EGA: Adapting Frozen Encoders for Vector Search with Bounded Out-of-Distribution Degradation
This work addresses the critical problem of out-of-distribution degradation in vector search systems for practitioners deploying frozen encoders, offering a principled solution that maintains performance on seen classes while preserving unseen-class accuracy.
EGA introduces a residual adapter for frozen vision encoders that prevents performance collapse on unseen classes during vector search, achieving 96.5% gradient-free triplets at convergence and the highest worst-case Label Precision on four out of five OOD benchmarks, with over 40-point improvement over baselines.
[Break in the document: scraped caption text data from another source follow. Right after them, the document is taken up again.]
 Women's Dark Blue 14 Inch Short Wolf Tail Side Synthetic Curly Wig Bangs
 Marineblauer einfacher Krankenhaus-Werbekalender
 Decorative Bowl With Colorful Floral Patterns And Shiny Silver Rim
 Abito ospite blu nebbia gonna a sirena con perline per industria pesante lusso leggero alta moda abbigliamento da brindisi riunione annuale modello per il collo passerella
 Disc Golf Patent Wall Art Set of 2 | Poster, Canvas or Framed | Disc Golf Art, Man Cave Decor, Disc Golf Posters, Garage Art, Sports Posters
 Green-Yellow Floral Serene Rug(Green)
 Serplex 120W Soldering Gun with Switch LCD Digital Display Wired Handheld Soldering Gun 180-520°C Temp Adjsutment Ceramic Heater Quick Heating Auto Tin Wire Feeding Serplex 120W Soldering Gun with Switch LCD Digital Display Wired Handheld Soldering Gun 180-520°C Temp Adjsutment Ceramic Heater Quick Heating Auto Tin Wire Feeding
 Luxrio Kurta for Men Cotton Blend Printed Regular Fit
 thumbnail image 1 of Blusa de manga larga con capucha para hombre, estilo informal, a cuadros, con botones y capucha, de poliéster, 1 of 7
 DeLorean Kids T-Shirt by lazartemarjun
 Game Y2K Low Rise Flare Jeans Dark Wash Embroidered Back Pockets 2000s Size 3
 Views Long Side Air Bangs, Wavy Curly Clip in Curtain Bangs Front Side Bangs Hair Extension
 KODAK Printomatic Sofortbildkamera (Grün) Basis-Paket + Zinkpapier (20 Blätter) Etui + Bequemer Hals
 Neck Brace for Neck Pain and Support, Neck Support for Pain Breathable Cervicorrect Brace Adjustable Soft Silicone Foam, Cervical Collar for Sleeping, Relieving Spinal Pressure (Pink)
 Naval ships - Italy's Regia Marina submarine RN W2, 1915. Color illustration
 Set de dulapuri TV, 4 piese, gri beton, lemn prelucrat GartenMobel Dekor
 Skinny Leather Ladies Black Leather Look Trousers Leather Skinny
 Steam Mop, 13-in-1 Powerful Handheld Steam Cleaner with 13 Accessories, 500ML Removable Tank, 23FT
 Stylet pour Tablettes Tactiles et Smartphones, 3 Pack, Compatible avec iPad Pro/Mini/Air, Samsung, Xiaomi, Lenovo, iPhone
Vector search systems built on frozen vision encoders face queries from unseen classes at deployment, yet existing adapter training collapses under this shift: high-capacity adapters with global contrastive losses silently reassign unseen-class samples to wrong seen-class clusters, dropping worst-case Label Precision by over 40 points below the frozen baseline in our tests. We propose Euclidean Geodesic Alignment (EGA), a residual adapter that couples three principles: zero initialization, local triplet loss, and hypersphere projection. These collectively induce a self-limiting dynamic: triplets that already satisfy a small margin stop producing gradients, so the adapter automatically stops updating where the local geometry is already correct. Our experiments show that at convergence $96.5\%$ of triplets are gradient-free, leaving unseen-class regions largely untouched while still enabling full-capacity refinement of seen classes. Across five diverse out-of-distribution (OOD) benchmarks, EGA achieves the highest worst-case Label Precision on the four primary splits and a consistent improvement on the fifth. The design also transfers to stronger backbones in addition to CLIP, and we provide an analytical justification linking gradient sparsity to bounded OOD perturbation.